くりぃむしちゅーの有田哲平といえば、上田晋也の博識ぶりに乗っかる「テキトー」なボケ役としてお茶の間を沸かせてきた。しかし、その原点は高校ラグビー部にあった。相方・上田と出会った熊本県立済々黌高校のラグビー部では、上田がレギュラーだったのに対し、有田はベンチ要員。しかもルールをよく理解しておらず、ある試合ではボールを持ってトライに向かって走る上田に、何を思ったかチームメイトであるにもかかわらずタックルを仕掛けたという伝説的エピソードを持つ。この天然ぶりは、後の「テキトー」キャラの萌芽だったのかもしれない。

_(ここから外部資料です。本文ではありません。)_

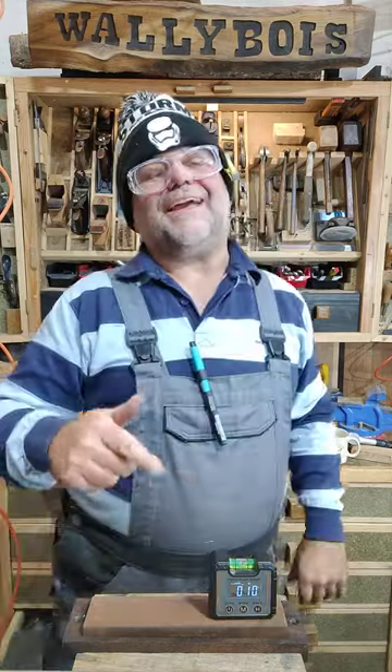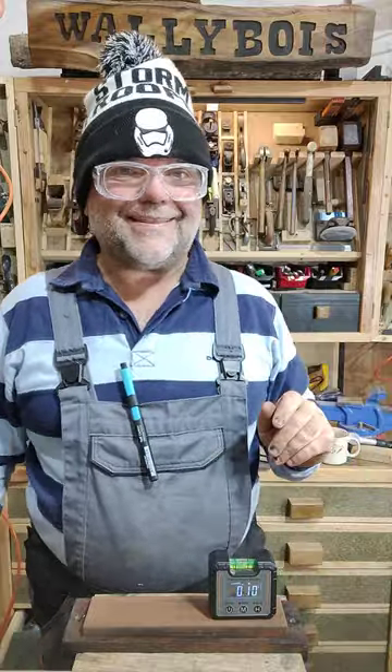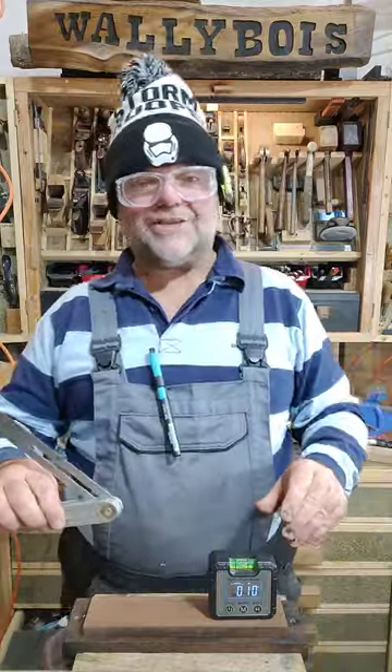My precious digital angle finder — great little tool. They're not just good for working out the angle of your table saw blade; they're fantastic for setting the angle on a bevel as well.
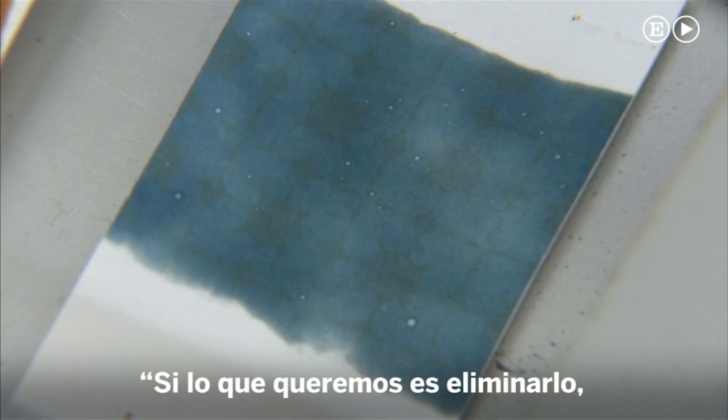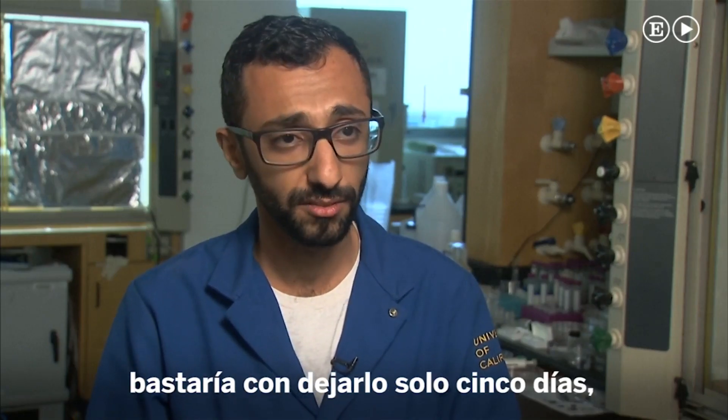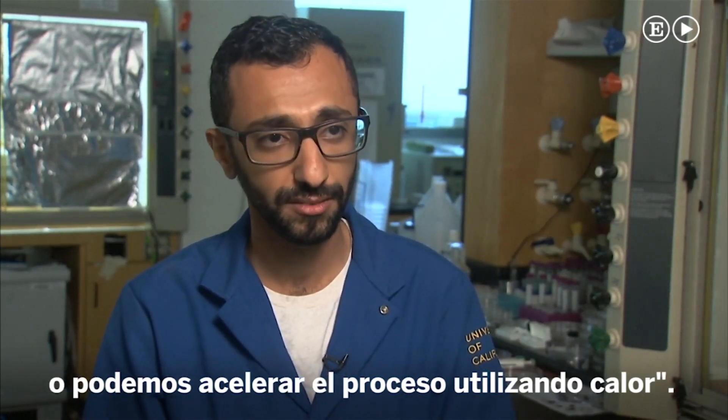If we want to erase it, we can just leave it for five days, or we can accelerate this erasing using heat.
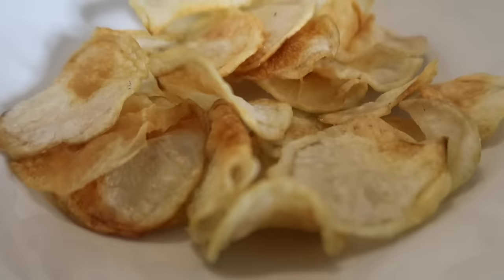Hey guys, happy new year! Welcome to my channel, or welcome back. My name is Zesty, and today is a really exciting day because I have another air fryer recipe for you. I made the best healthy potato chips — this did take me a few times to perfect, but I have it down and I am so excited to show you guys how I make these delicious crispy yet healthy potato chips.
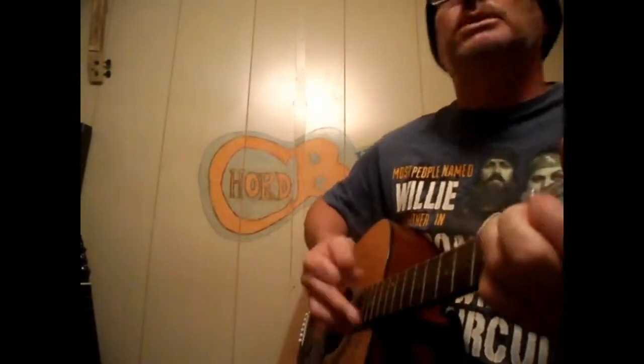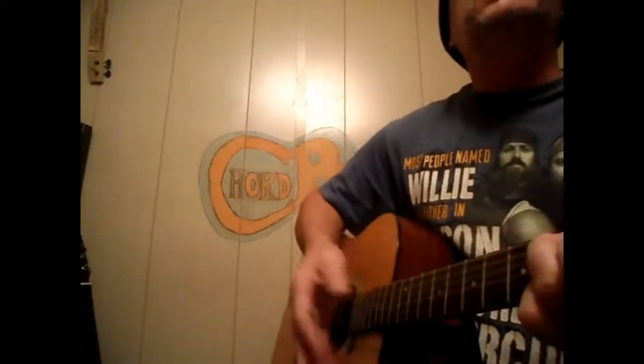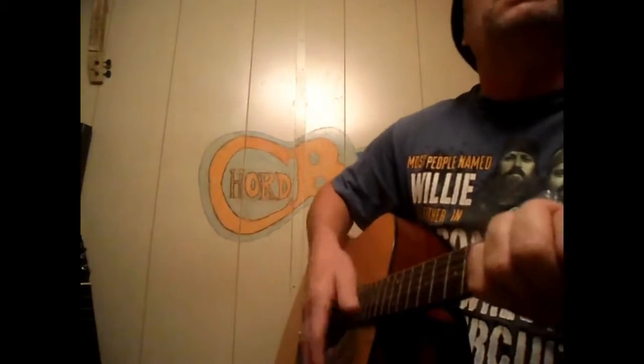Got my old Bible right here with me. Cannot wait on my Jesus to see. Got my old Bible right here with me. Wondering when I'll leave this world, this is what I read. I was brought up in church when I was young. Serving my God was not just for fun.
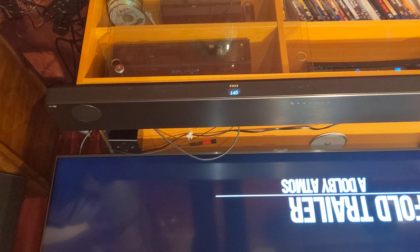My 4K soundbar connected to my 4K Sony receiver — hope you like this video and see if it works for you. Send me any comments on my channel.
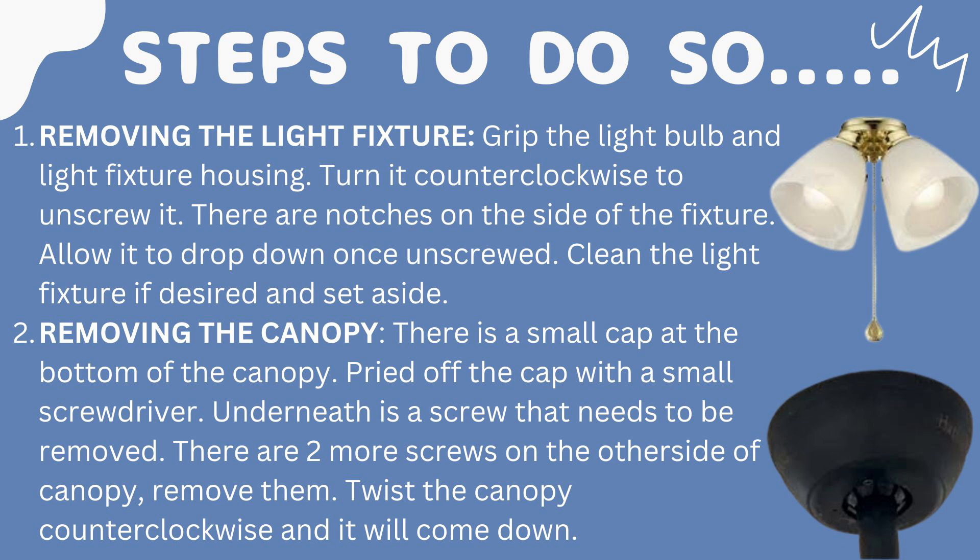Step two is removing the canopy. There is a small cap at the bottom of the canopy — pry off the cap with a small screwdriver. Underneath is a screw that needs to be removed. There are two more screws on the other side of the canopy — remove them, then twist the canopy clockwise and it will come out.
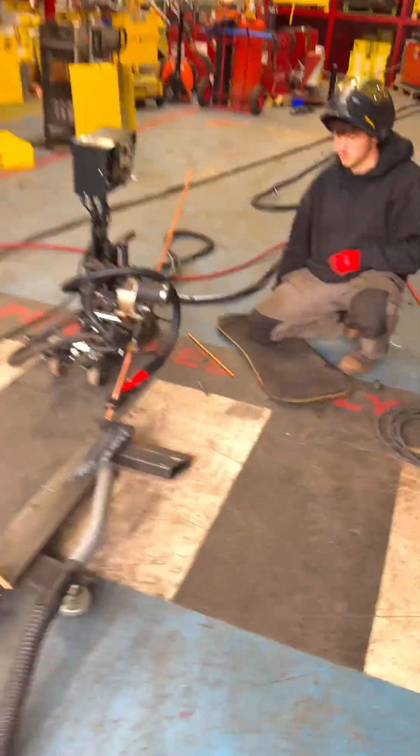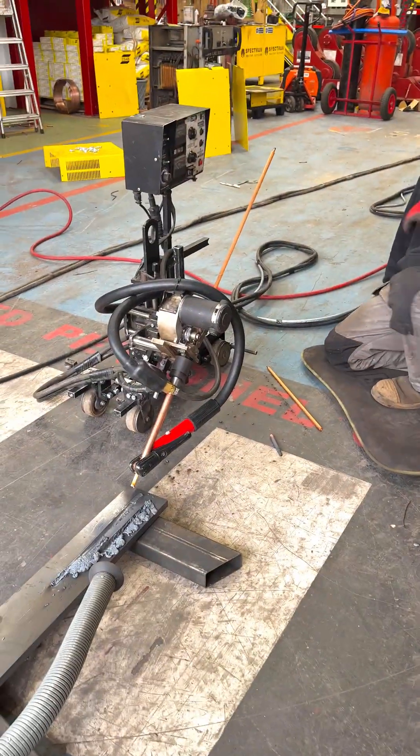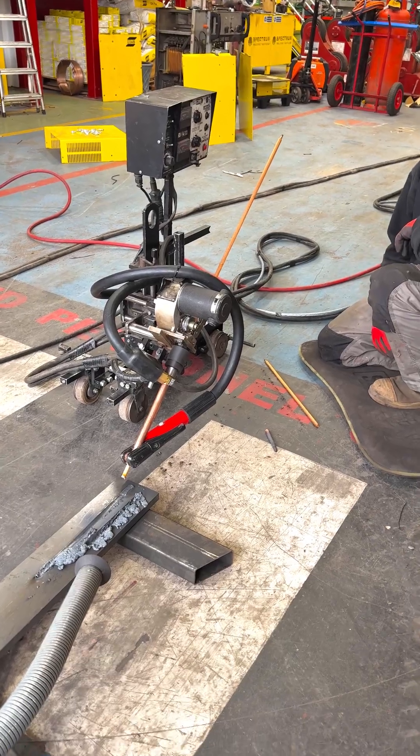A couple of mad scientists here at Spectrum. We've redesigned an LT7 submost arc tractor welder into an auto arc air gouger.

その芸風が確立したのは、2000年の東八郎追悼公演でのことだ。演出を担当した萩本欽一に、不真面目とも取られる自身の態度を逆に評価されたことがきっかけだった。それ以降、尖った芸風から一転した「テキトー」路線がバラエティ番組で受け入れられ、コンビとしての地位を確固たるものにしていく。2016年には『しゃべくり007』で一般女性との入籍を発表し、家族を築いた。
意外なのは、その芸能活動の一方で、映画や音楽に対する深い造詣を持っている点だ。特に洋楽への愛は強く、自ら「アリデミー賞」と名付けて年間のベスト楽曲を選出するほど。2021年からはBS朝日『ベストヒットUSA』にゲスト出演し、その独断と偏見に満ちた音楽批評を披露している。また、映画好きが高じて短編映画を監督する企画番組も持つなど、芸人としての枠に収まらない一面を見せる。
母はオリンピック代表候補にもなった元水泳選手で、2008年のマスターズ世界選手権で6位に入賞するほどの実力者。そんなスポーツ一家に生まれながら、自身は「光GENJIに入る」と公言するお茶目な少年だった。2022年末に「極めて近い将来の引退」を宣言したが、その直後にはポッドキャスト番組『有田脳』を開始するなど、まだまだその活動は尽きそうにない。